Simisola
- First edition (UK)
- Author: Ruth Rendell
- Language: English7
- Series: Inspector Wexford # 17
- Genre: Crime, Mystery novel
- Publisher: Hutchinson (UK) Crown (US)
- Publication date: 24 September 1994
- Publication place: United Kingdom
- Media type: Print (Hardback & Paperback)
- Pages: 348 pp
- ISBN: 0-09-179161-8
- OCLC: 31331007
- Preceded by: Kissing the Gunner's Daughter
- Followed by: Road Rage

= Simisola =

1994 novel by Ruth Rendell

Simisola is a 1994 novel by British crime writer Ruth Rendell. It features her recurring detective Inspector Wexford, and is the 17th in the series. Though a murder mystery, the book also touches on the themes of racism, welfare dependency and new forms of slavery.

==Plot summary==
Dr Raymond Akande is Wexford's new GP and one of the few Black British people in Kingsmarkham.
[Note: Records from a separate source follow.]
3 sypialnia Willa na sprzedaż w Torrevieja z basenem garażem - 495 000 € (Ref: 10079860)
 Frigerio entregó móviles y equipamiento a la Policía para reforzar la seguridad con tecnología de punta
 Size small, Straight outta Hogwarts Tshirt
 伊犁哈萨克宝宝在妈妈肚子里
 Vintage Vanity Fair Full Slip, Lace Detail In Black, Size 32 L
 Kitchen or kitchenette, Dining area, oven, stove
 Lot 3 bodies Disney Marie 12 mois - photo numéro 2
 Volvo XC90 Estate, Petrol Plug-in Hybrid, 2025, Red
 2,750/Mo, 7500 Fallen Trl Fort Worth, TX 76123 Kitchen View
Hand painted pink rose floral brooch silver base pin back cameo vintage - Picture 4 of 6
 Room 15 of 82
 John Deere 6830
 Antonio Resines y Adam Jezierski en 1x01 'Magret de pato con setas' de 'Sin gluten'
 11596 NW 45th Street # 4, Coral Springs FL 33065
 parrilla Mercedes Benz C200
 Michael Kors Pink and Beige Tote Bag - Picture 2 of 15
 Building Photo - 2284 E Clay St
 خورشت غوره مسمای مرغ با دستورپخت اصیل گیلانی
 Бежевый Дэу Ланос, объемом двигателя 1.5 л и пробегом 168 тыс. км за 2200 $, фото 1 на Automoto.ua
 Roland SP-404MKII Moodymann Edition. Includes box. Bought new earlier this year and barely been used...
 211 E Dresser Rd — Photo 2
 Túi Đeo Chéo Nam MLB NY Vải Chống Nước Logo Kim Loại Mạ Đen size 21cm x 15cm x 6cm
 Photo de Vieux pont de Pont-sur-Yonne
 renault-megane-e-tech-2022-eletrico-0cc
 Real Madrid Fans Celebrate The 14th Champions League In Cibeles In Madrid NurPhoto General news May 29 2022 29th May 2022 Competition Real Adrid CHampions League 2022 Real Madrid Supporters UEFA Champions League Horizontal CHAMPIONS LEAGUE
When Akande's daughter goes missing, and a body of a young black woman is found, Wexford is confronted by his own prejudices.

==Critical reception==
The Daily Courier wrote about the book: "...some of it gets tedious, especially when characters who do not consider themselves racists search themselves for racist traits".

==Film, TV or theatrical adaptations==
The novel was adapted into a television film in the UK in 1996 and starred George Baker, Christopher Ravenscroft, Jane Lapotaire, and George Harris.